→ SOURCE MATERIAL
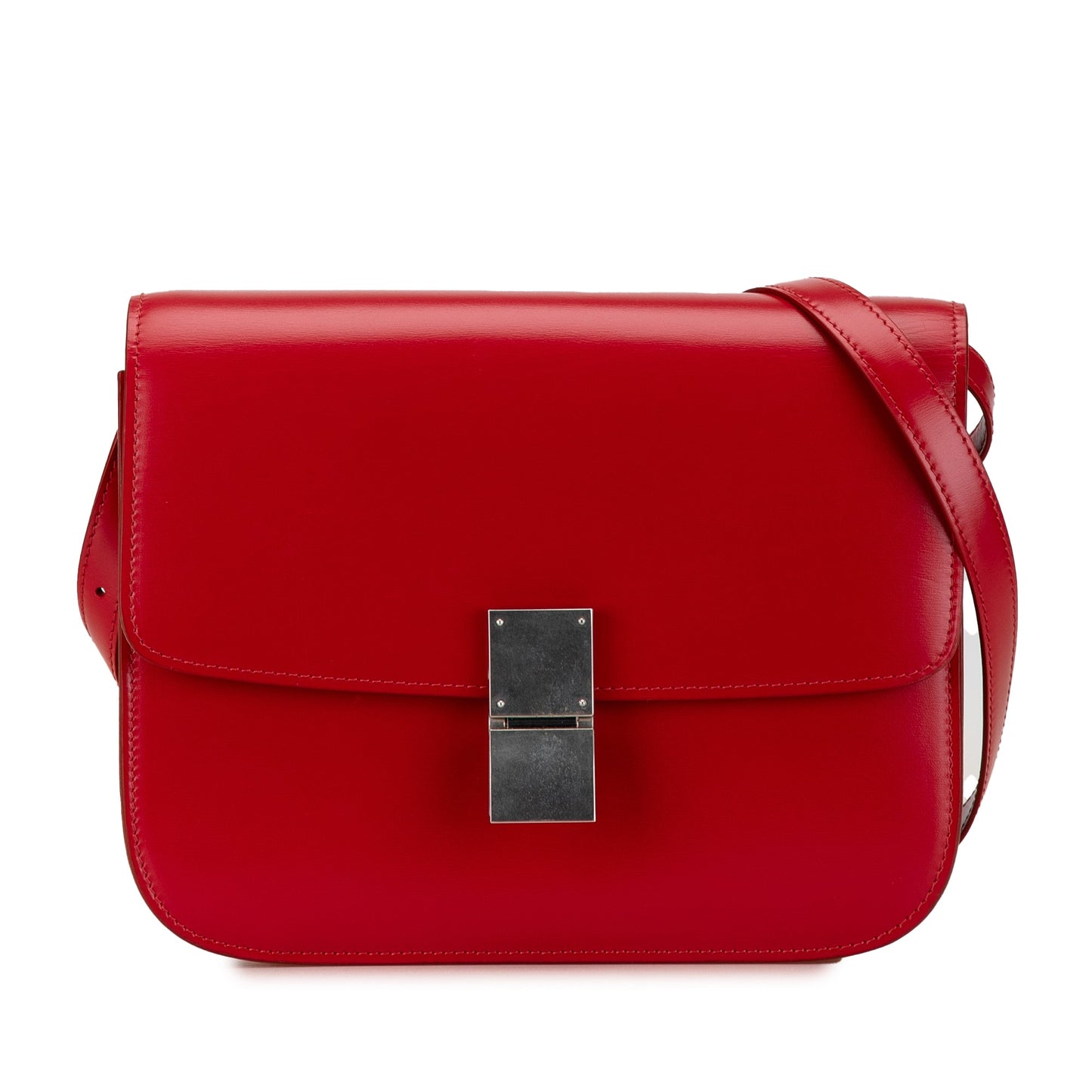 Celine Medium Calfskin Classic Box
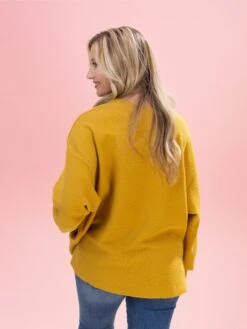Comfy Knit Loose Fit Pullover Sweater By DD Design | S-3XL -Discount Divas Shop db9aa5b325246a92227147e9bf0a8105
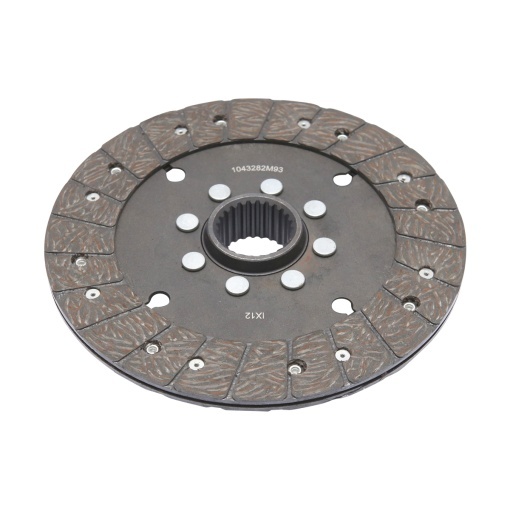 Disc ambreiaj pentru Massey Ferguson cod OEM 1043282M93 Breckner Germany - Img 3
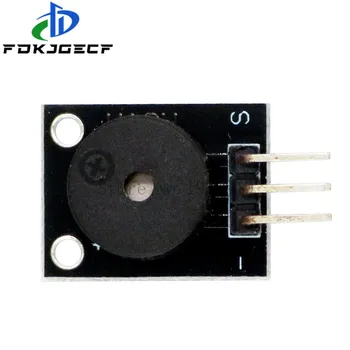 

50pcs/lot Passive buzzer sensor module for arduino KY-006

→ EXERCISE DESCRIPTION
Send back every line above exactly, skipping all pictures.

→ WRITTEN REPLY
 Celine Medium Calfskin Classic Box
Comfy Knit Loose Fit Pullover Sweater By DD Design | S-3XL -Discount Divas Shop db9aa5b325246a92227147e9bf0a8105
 Disc ambreiaj pentru Massey Ferguson cod OEM 1043282M93 Breckner Germany - Img 3

50pcs/lot Passive buzzer sensor module for arduino KY-006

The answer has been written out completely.